> Provided information:
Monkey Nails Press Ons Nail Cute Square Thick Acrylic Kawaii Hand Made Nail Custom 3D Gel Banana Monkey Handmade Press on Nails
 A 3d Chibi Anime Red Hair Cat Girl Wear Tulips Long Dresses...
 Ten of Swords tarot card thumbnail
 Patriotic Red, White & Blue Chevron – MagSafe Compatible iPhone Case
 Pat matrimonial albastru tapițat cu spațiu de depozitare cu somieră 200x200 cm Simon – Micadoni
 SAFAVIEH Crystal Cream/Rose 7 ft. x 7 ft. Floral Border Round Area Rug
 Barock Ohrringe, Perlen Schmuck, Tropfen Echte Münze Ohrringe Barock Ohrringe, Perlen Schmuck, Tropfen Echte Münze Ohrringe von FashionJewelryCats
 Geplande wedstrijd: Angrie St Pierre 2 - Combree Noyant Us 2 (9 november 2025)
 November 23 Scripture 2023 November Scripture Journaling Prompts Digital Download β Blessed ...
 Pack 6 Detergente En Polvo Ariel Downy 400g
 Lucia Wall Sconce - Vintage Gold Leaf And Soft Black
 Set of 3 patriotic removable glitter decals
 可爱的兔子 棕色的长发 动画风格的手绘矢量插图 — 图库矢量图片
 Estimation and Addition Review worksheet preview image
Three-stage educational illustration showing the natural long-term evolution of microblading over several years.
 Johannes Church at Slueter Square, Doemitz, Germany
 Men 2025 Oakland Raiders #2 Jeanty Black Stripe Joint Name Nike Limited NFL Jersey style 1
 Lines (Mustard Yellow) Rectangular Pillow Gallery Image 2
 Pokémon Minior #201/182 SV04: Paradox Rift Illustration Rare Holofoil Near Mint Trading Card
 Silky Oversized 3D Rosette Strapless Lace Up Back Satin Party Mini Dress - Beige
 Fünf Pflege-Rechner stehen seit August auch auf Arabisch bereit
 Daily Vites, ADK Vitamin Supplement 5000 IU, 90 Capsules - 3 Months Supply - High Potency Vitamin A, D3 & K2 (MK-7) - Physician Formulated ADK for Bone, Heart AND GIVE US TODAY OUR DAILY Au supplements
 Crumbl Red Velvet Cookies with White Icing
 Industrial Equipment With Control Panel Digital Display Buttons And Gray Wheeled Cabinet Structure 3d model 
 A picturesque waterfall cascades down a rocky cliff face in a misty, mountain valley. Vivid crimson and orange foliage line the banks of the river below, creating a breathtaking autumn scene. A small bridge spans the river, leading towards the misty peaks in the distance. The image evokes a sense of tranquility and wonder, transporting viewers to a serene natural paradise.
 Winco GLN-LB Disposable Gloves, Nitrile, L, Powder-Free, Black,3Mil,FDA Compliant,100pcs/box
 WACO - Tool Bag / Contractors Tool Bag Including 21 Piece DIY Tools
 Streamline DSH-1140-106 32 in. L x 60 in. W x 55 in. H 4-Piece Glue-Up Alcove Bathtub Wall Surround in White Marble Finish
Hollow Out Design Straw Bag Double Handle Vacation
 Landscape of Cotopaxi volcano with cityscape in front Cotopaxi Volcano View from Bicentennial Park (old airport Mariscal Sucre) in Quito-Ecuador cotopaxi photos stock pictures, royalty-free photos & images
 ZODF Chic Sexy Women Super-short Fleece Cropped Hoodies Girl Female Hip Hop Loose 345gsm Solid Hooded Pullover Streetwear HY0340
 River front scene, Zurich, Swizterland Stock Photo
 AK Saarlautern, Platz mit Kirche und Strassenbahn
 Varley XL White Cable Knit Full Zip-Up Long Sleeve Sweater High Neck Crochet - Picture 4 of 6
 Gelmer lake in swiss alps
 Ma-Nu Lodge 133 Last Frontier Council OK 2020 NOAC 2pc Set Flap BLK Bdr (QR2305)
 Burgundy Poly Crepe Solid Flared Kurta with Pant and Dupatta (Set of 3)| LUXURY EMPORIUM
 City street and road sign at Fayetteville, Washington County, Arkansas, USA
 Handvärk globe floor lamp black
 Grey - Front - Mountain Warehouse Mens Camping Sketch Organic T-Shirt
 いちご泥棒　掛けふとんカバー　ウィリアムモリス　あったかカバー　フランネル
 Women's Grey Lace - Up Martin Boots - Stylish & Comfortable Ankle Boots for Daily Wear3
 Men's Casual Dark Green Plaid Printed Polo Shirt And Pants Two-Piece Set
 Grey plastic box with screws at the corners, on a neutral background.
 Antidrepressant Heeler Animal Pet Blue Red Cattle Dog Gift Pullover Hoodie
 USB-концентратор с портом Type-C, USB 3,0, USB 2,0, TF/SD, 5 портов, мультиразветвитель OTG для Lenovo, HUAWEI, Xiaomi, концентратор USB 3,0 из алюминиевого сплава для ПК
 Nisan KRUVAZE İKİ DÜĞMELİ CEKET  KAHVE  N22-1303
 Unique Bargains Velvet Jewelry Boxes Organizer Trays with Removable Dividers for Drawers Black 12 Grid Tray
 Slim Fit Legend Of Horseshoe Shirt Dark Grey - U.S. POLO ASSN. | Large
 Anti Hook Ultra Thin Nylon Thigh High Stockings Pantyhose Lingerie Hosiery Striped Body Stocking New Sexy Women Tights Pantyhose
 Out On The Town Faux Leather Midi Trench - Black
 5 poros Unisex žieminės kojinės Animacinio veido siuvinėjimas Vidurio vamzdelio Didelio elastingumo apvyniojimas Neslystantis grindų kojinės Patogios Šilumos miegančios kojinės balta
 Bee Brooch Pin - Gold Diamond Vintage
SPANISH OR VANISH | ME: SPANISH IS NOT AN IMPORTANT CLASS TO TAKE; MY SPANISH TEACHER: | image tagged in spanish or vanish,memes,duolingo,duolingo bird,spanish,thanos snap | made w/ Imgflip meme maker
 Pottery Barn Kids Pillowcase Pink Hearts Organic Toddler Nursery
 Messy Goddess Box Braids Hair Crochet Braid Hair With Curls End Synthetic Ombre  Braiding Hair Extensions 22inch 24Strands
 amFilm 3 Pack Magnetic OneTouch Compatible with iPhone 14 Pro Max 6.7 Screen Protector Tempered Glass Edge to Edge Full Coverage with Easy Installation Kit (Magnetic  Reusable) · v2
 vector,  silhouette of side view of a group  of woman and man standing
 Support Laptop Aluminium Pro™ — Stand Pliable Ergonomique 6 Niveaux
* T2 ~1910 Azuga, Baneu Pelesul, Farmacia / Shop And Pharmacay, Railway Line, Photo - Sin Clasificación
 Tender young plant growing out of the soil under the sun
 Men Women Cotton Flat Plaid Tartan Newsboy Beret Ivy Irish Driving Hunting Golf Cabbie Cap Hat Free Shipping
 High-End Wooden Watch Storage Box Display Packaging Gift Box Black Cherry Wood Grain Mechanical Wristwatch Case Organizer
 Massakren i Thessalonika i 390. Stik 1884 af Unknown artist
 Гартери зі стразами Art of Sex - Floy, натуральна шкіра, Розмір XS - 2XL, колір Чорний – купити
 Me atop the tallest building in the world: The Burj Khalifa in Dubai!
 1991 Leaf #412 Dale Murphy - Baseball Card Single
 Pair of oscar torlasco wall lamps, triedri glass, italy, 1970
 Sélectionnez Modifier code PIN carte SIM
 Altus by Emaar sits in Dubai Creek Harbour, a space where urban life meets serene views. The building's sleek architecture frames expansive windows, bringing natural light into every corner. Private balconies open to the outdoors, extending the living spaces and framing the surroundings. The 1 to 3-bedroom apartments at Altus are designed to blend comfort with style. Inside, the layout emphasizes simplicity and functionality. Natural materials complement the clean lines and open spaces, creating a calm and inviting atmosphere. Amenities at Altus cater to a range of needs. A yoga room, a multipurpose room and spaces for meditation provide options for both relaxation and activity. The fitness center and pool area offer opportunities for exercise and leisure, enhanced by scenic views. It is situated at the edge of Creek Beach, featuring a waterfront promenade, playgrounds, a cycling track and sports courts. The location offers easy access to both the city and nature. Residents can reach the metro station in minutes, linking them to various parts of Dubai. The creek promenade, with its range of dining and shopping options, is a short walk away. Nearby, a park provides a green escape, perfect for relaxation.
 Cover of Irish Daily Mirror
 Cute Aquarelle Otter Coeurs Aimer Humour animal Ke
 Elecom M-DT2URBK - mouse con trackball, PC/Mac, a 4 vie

> Your objective: Retype exactly, and only, the lines above from the one where "Fünf Pflege-Rechner stehen" occurs up to and including the one where "Industrial Equipment With" occurs.

> Completed task:
 Fünf Pflege-Rechner stehen seit August auch auf Arabisch bereit
 Daily Vites, ADK Vitamin Supplement 5000 IU, 90 Capsules - 3 Months Supply - High Potency Vitamin A, D3 & K2 (MK-7) - Physician Formulated ADK for Bone, Heart AND GIVE US TODAY OUR DAILY Au supplements
 Crumbl Red Velvet Cookies with White Icing
 Industrial Equipment With Control Panel Digital Display Buttons And Gray Wheeled Cabinet Structure 3d model 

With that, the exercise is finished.